* **Task prompt**
Only the pictures should be left out; write out all other data exactly.

* **Supplied material**
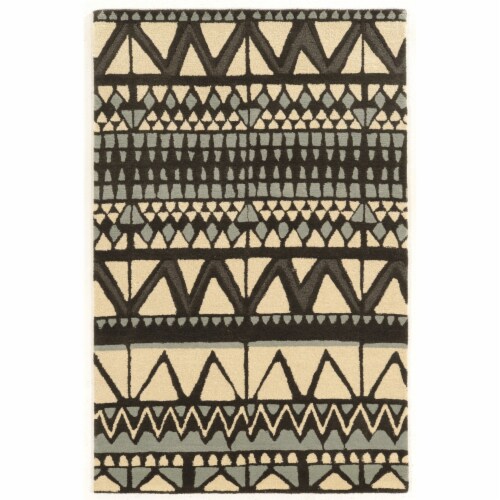 Linon Aspire Comp Hand Tufted Wool 5'x8' Rug in Ivory Perspective: left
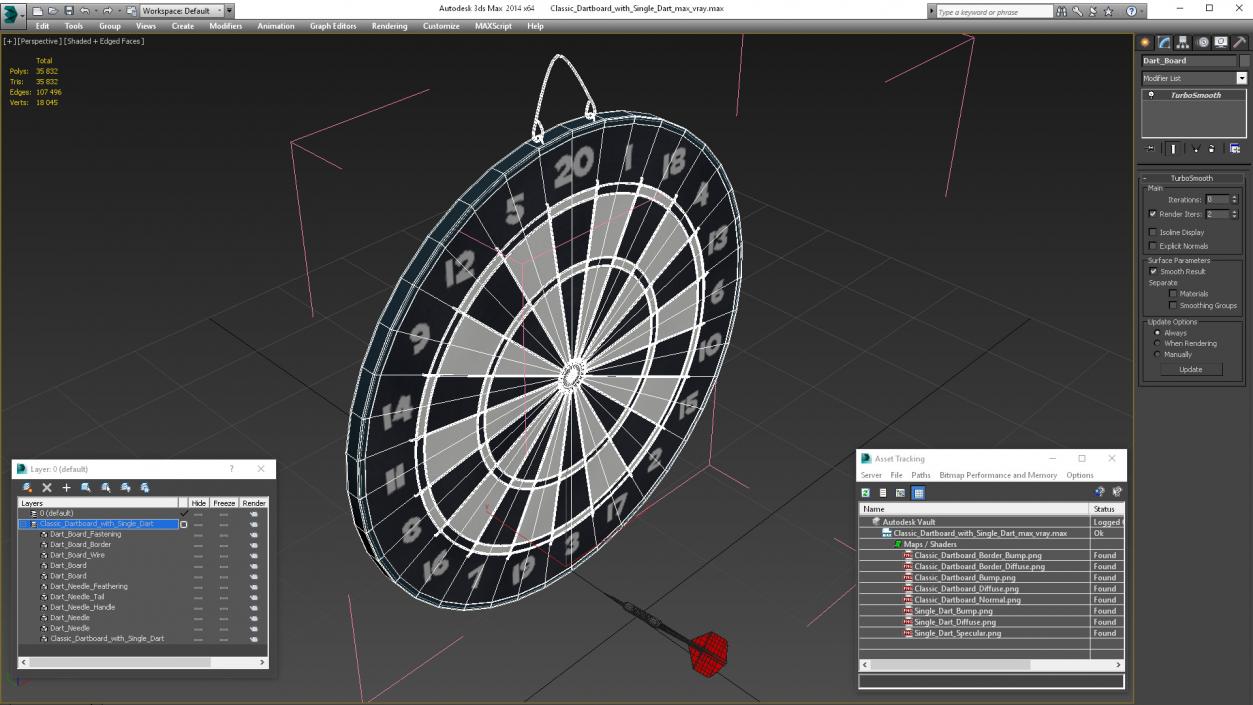 Classic Dartboard with Single Dart 3D model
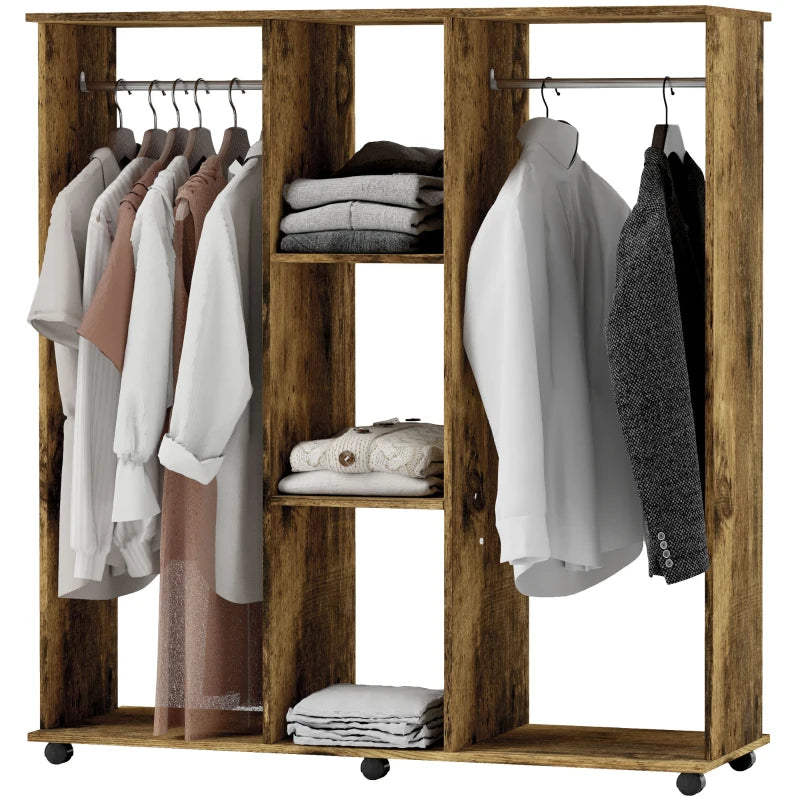 Rustic Brown Double Mobile Open Wardrobe with 6 Wheels and Storage Shelves Organizer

* **Answer below**
 Linon Aspire Comp Hand Tufted Wool 5'x8' Rug in Ivory Perspective: left
 Classic Dartboard with Single Dart 3D model
 Rustic Brown Double Mobile Open Wardrobe with 6 Wheels and Storage Shelves Organizer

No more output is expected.